A couple questions to answer regarding our migration:

  • Do we want to enable Access Control, or continue with the status quo? They can always be enabled at a later date.
  • If we enable Access Controls, how should we apply them?
  • We could have a single account. We could have separate accounts for reading and writing. Each configured use case could have a separate account. Cirrus will need connections configured for both purposes, but is likely flexible enough to do that fully through configuration.
  • If we enable Access Controls, how do we manage the accounts? Puppet may need some abstraction added.
  • This is mostly an operational question, Cirrus needs only to be provided the appropriate credentials in the connections named to be used for various operations.
  • What are all the places that need credentials? cirrus, sup, mjolnir, translate, api-feature-usage, puppet cluster settings updates, more?

Event Timeline

Initial Proposal, didn't deeply consider everything:

  • Enable security plugin on initial deployment
    • Docs claim you can rolling restart from elasticsearch to opensearch+security. But they suggest turning it off. Docs claim you can not rolling restart from opensearch to opensearch+security. By proxy, that means the only opportunity to turn on security in a rolling fashion is during the migration.
    • We need to verify in a test environment if/how inter-node transport works during elastic->opensearch transition. Docs don't clarify.
  • Anonymous authentication configured to give all access by default to a pre-selected list of index patterns that match our use cases.
    • We need to verify how this gets configured. Do we migrate one node, then create the auth through that node? Does the master have to be opensearch?
    • We can migrate use cases one at a time to individual accounts, taking the appropriate index patterns off the anonymous auth account until the anon account eventually has no index patterns remaining.
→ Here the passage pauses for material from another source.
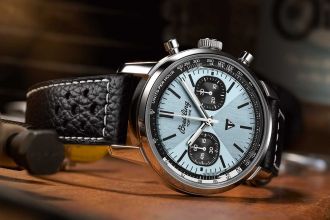 Toptime-DEUS-Triumph NewPoster-StillLife RVB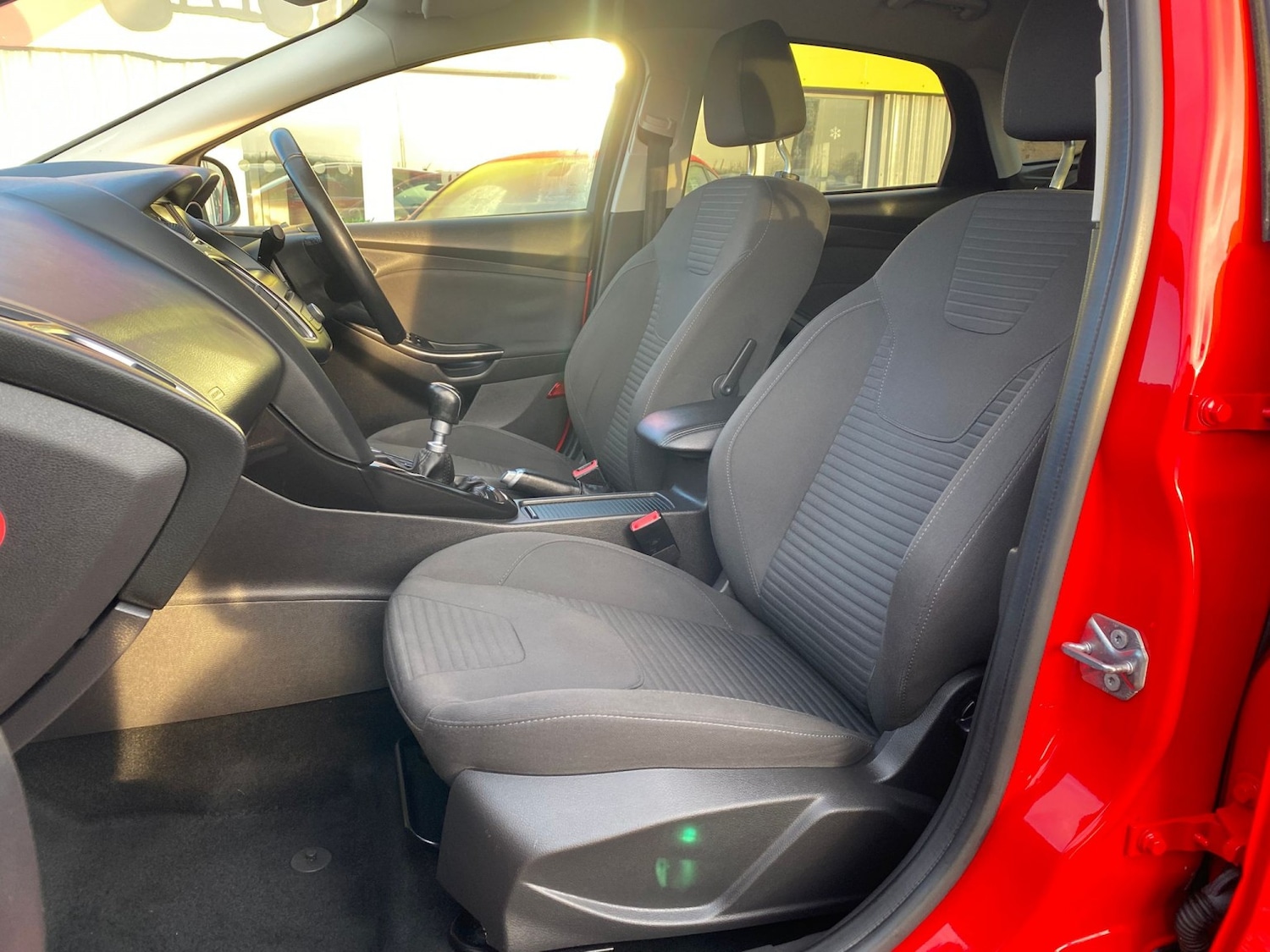 Used Ford Focus 2015 for sale - 77008071: Photo 6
Scratch the above, testing shows that to migrate from elasticsearch -> opensearch with security enabled you would need elastic to already be using tls for inter-node transport (likely via x-pack). We will need to do the initial migration with the security plugin disabled and plan to turn it on in the future.
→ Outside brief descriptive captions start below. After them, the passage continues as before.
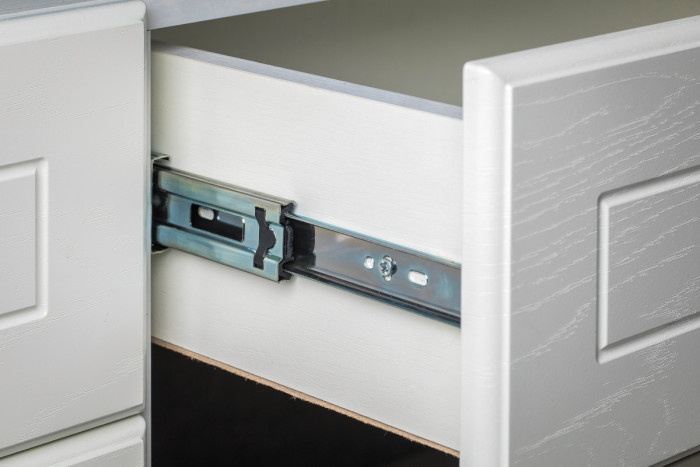 Ливерпуль Комод, цвет ясень ваниль/белый, ШхГхВ 140х41,4х78,3 см.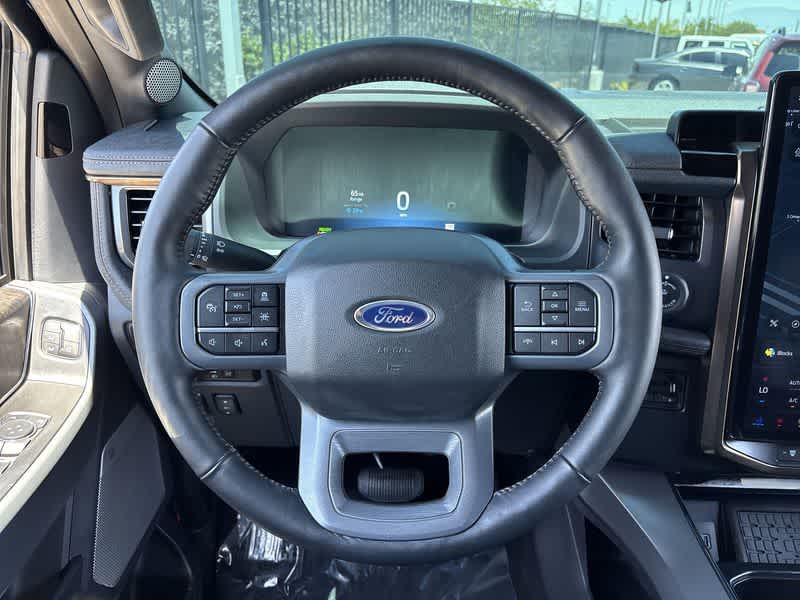 2023 Ford F-150 Lightning Lariat 19
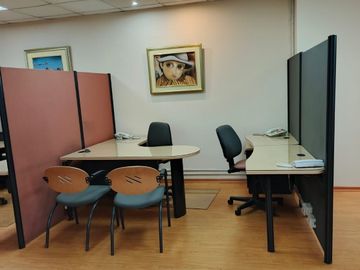 Venta oficina amoblada en primer piso - Av. Colón zona financiera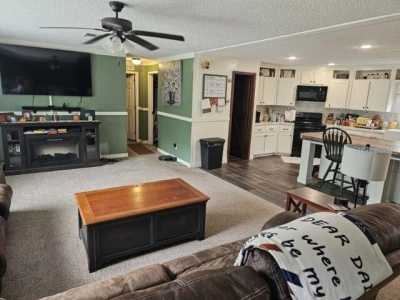 Home For Sale in Weirsdale, Florida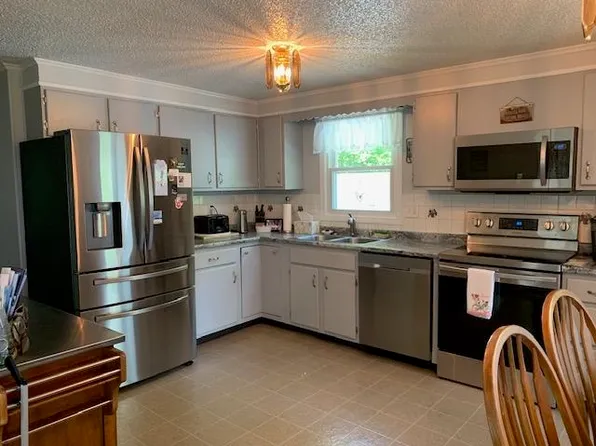 96 Pleasant Heights, West Rutland, VT 05777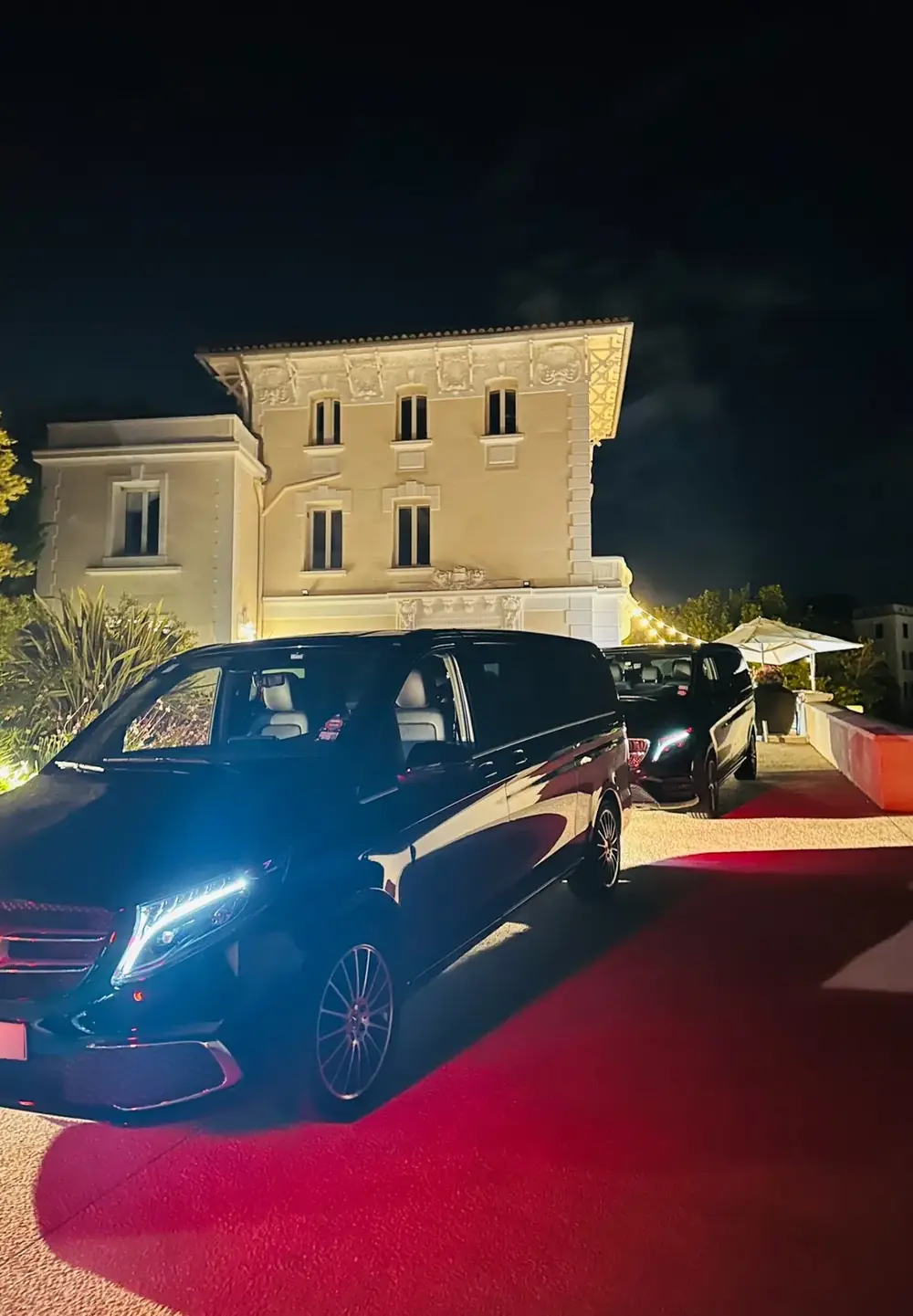 VTC Aix-en-Provence : Mercedes devant un domaine illuminé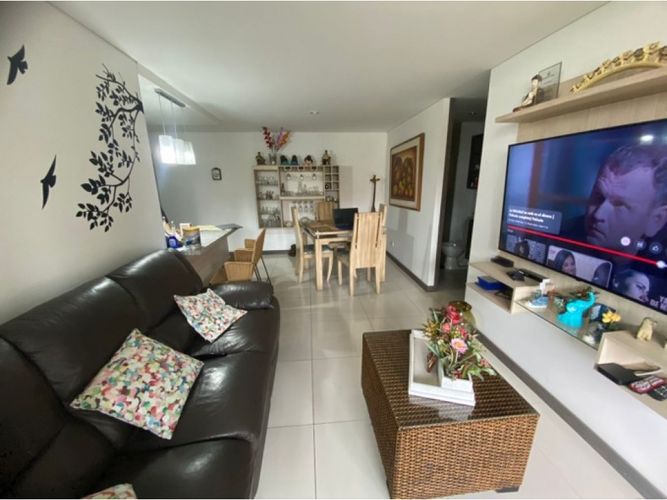 Apartamento de 3 alcobas en venta en Santa Ana, Sabaneta, 105 m² · foto 2 de 12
This will not get done until after the first deployment of OpenSearch. Let's move it back to the backlog

testing shows that to migrate from elasticsearch -> opensearch with security enabled you would need elastic to already be using tls for inter-node transport

Yup. I ran into that when I put up my instance on opensearch2.spi-tools.eqiad1.wikimedia.cloud. The first time through, I tried to skip all the TLS/cert stuff and eventually discovered I was running into a brick wall. So I tossed all that and started from scratch with TLS enabled.

It's a little unfortunate that they require all the overhead of generating certificates and running TLS just to turn on access control, but it is what it is.